Diagonal
Journal

Active Travel Data Specification

June 2024
projects

Something is missing in the active travel movement - consistent data to make accurate, sustainable and inclusive decisions. This blog explores one solution that Diagonal is championing and how we are calling for collaborators. 

Active travel – everyday journeys made by walking, wheeling, or cycling – has a range of benefits for people’s health and the environment, including being a low-carbon form of travel. The UK Department for Transport (DfT) wants active travel to be the natural choice for shorter journeys in England, or part of longer journeys, by 2040.
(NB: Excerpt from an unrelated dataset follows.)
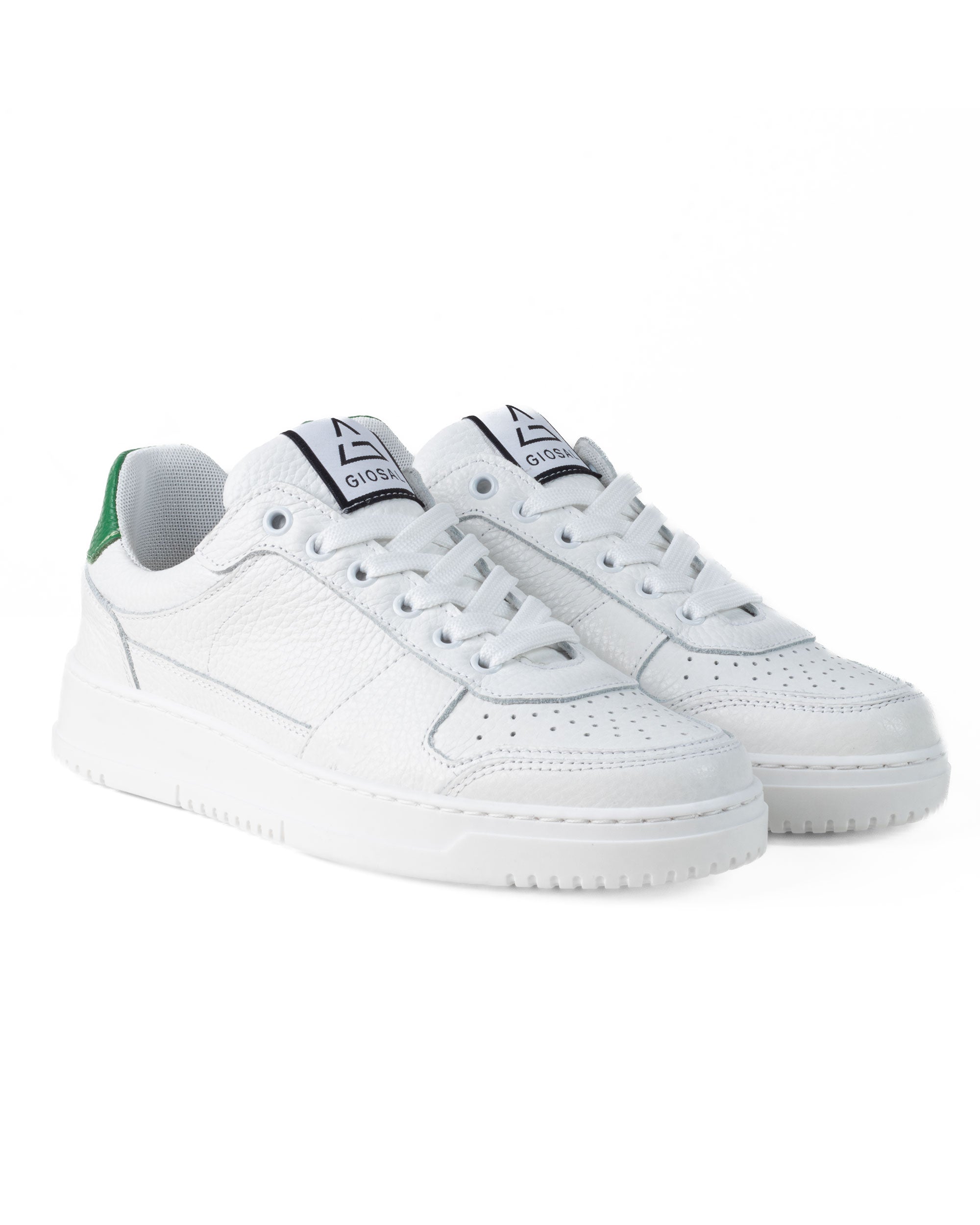 Scarpe Uomo Sneakers Ecopelle Martellata Bianche Casual Sportive Pelle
– UK National Audit Office

We need a consistent, open specification for recording, planning and publishing data about the physical infrastructure that supports active travel. This means we need better data on the UK’s pathways, cycleways, and pedestrian crossings. 

At Diagonal we have a purpose and a commitment to supporting positive change, systematically. In partnership with Applied, we are calling for standardisation of pathways data in an Active Travel Data Specification (ATDS). This is why.

Why active travel?

At Diagonal we work with data to help planners and architects who want to make positive changes in the urban environment. We make it easy for people to explore scenarios for change, using data and visualisation tools to democratise sophisticated analysis. We believe in the benefits of safe, accessible, well-designed pathways. So we want to make it easier to design healthy streets and complete streets. To do that at scale, we need consistency in the data behind development proposals. 

Research based on longitudinal population study data finds that journeys of walking and cycling maintain and improve physical and mental health across the life course. However, the data also show it is important that means of active travel are easily accessible to everyone so it can become part of peoples’ daily routine.

[CLOSER]

To make active travel more accessible requires a detailed understanding of the landscape and currently this is hampered by poor quality, mismatched, differently labelled data. To  unlock active travel’s potential we need consistent information about existing infrastructure for active travel and consistent information about planned infrastructure for active travel. We need this type of data to be open and available to everyone.

What’s the problem?

In the UK and internationally, there is no agreed standard for recording or publishing data about where we can safely cycle, wheel, and walk.  Data attributes are not aligned. Definitions of path width, surface materials, presence of steps, inclines, lighting or other factors related to the pathway are inconsistent. This makes the data unfit for multiple purposes and multiple systems. 

The power of consistent data specifications comes from the power of interoperable data. Data that can be used in a range of tools and applications. Without a specification, anyone exploring trends or analyses of active travel has to consolidate multiple, separate datasets. Further, solutions stay localised, rather than scaling. For example, when active travel data takes a different shape in London, compared with Cardiff, compared with Edinburgh, application developers who want to build routing applications for wheelchair users don’t have a reliable foundation to build with. Or when planning new developments, decision makers don’t have data about the ‘last mile’ that might connect a new project with employment opportunities, healthcare, or education. 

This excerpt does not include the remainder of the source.